La sigla GDPR sta per “General Data Protection Regulation” (in italiano Regolamento Generale sulla Protezione dei Dati), ma è ufficialmente chiamato regolamento (UE) n. 2016/679, un regolamento dell’Unione europea entrato in vigore dal 24 maggio 2016, il cui obiettivo principale è la tutela delle persone, dei dati sensibili e di tutti i trattamenti che le aziende operano su questi.

Sono state introdotte dal 2018 una serie di misure da adottare per essere conformi al regolamento del GDPR, oltre a nuovi principi tra i quali troviamo quello della responsabilizzazione o accountability.

Come sapete breaklab era rimasto off line per diversi mesi e ritornando sul web ho dovuto “responsabilizzarmi” adeguando il sito alle disposizioni dei nuovi protocolli, tra cui:

  • redigere una chiara normativa sulla privacy (o richiederla un professionista)
  • rendere sempre disponibile all’utente un’informativa privacy chiara, trasparente e comprensibile
  • rendere disponibile la revoca del proprio consenso in modo facile e in qualunque momento
  • consentire agli utenti l’accesso ai propri dati personali e ad altre informazioni, come ad esempio finalità del trattamento, tempo di conservazione e soggetti a cui i dati saranno comunicati di revisionare o cancellare i loro dati personali
  • conservare le informazioni in modo sicuro e adeguato
  • nel caso in cui si trasferiscano informazioni al di fuori dell’UE accertarsi di seguire i rigorosi standard previsti

Il consiglio dell’esperta sulla GDPR

Il mio blog è piccolo e non raccoglie molti dati ma avevo ancora alcuni dubbi, in particolar modo sul consenso esplicito, ho chiesto alcuni consigli a un esperta del settore, l’avvocato Maria Elena Iafolla.

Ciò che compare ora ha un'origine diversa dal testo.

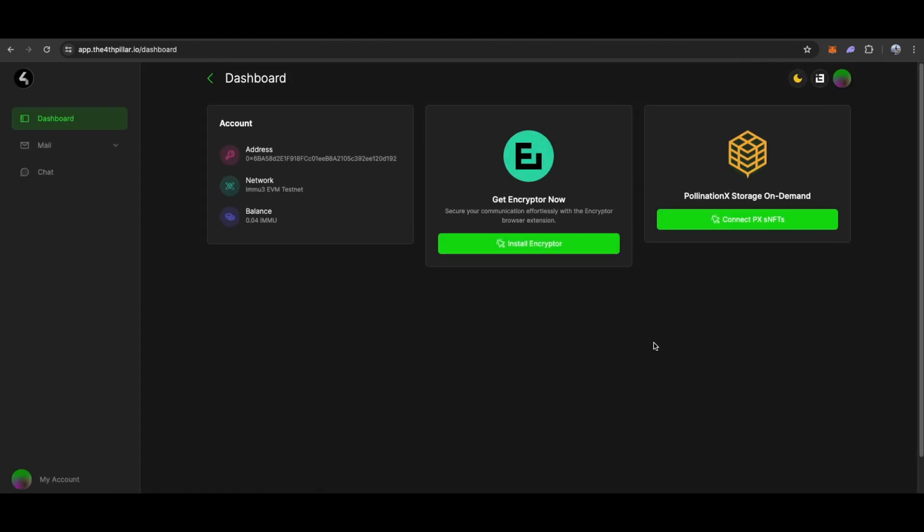Once connected, we require Emo3 testnet tokens to execute actions in the DApp itself. They are obtained through completing a task in the program dashboard.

Le mie domande erano basate sul confronto con altri blog, come: “scrolla per il tuo consenso”; “cliccando in qualsiasi pagina dai il tuo consenso”; impossibilità di selezionare ogni singola voce a cui voler dare il consenso e così via.

Il responso è stato molto chiaro, anzi direi quasi categorico, ho deciso di condividere queste informazioni con tutti voi, così da poter sfatare alcuni falsi miti.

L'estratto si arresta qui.